The net aid programme in 1975–76 expressed in 1974 constant prices is lower by 1·3 per cent. than in 1974–75. In cash terms, however, it shows an increase of some £100 million. The net aid programme for 1976–77 is 1·1 per cent. higher than for 1974–75.

In view of those disappointing figures and of the many demands on very limited resources, will the Minister consider whether it is wise to continue giving aid to India in view of the recent political developments there? Is it fair to ask British taxpayers to give a great deal of money to help to finance the programmes of a country which is at present destroying democracy and freedom and making nonsense of the rule of law?

In a sense I answered that when I replied on the previous Question. I want to repeat from this Dispatch Box that it is not my business or that of Her Majesty's Government to determine the policy of other independent countries. There are within the world about 100 countries that receive aid from a number of sources, not only from Britain but from other aid donor countries and from international agencies. Many are not democracies. Some have internal practices of which we might disapprove. We have to ask two basic questions: do they need assistance, and can they make effective use of that assistance?
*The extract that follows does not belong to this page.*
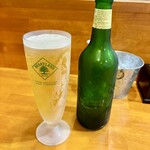 ラーメン 哲史 - 瓶ビール 600円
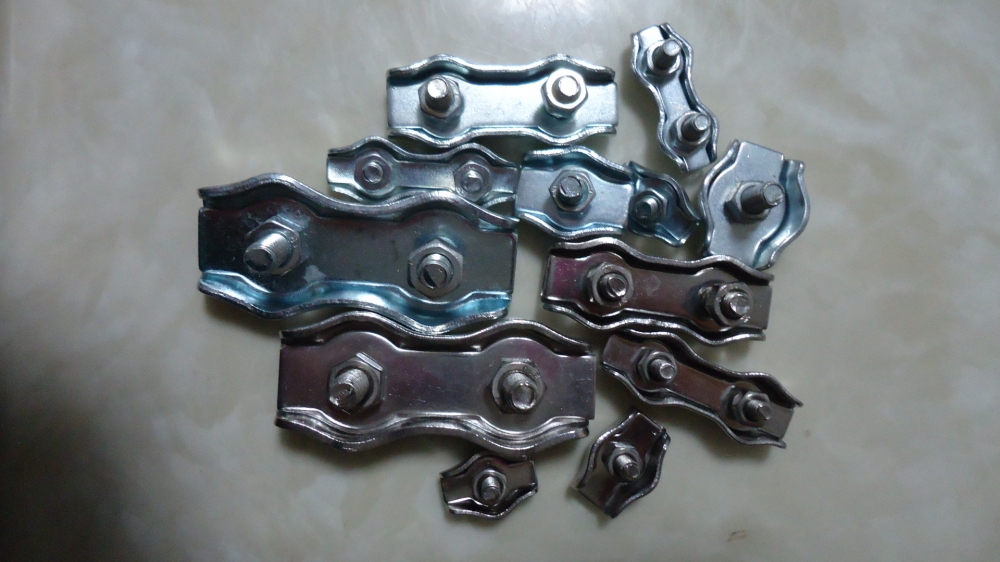 Stainless Steel Doublex Wire Rope Clip with Cable Clamp Double Bolt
Although it would not be right or practical to investigate the political purity of all the countries which are aid recipients, and although many of us who are anti-Common Market regarded the Lomé Agreement as wholly inadequate because it did not provide for the poorest nations of South-East Asia, is my right hon. Friend nevertheless aware that some of us have misgivings about what is happening in India and are bound to share in some measure the sentiments expressed rather surprisingly from the other side of the House?
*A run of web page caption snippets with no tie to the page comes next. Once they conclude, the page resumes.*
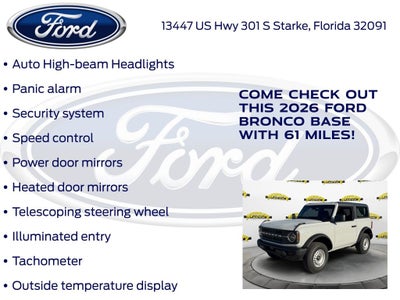 2026 Ford Bronco Base 101A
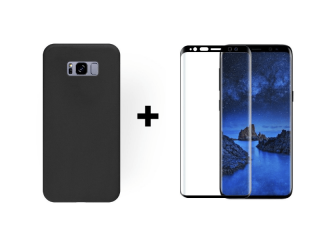 9D SKLO + PÚZDRO 2v1 pre Samsung Galaxy S8 čierne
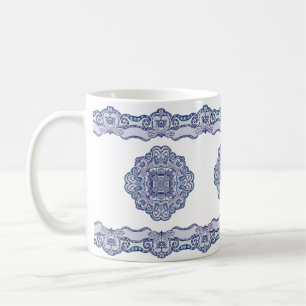 Mug Bleu thermique Tumbler inspiré de la Chine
I appreciate that my hon. Friend has reservations about what is happening in India. However, I hope he will not suggest that we should cut off aid to India or to other countries which may be pursuing policies of which hon. Members may not approve.

As for the extension of the Lomé Agreement, it is the policy of the Government to see the aid programme of the Community extended to non-associates. We shall be arguing for that policy within all the machinery of the Community.

The right hon. Gentleman has twice sought refuge in the word "effectively" or "effective use". As that word is, on the face of it, imprecise since any expenditure is bound to produce some effect and to that extent be effective, will he essay a more precise definition and in particular say whether any qualitative criterion is involved?

No; without giving a very long lecture I will not attempt it. I suggest to the House that a study both of the British aid programme and of the aid programmes of other donors, of the United Nations agencies, of the World Bank and other similar bodies, shows that over the years we have become very much more expert in assessing development projects. So also have the developing countries themselves in many cases become much more effective in their development projects and avoided earlier mistakes. On the whole, the experience of recent years has been more successful than was the experience 15 to 20 years ago.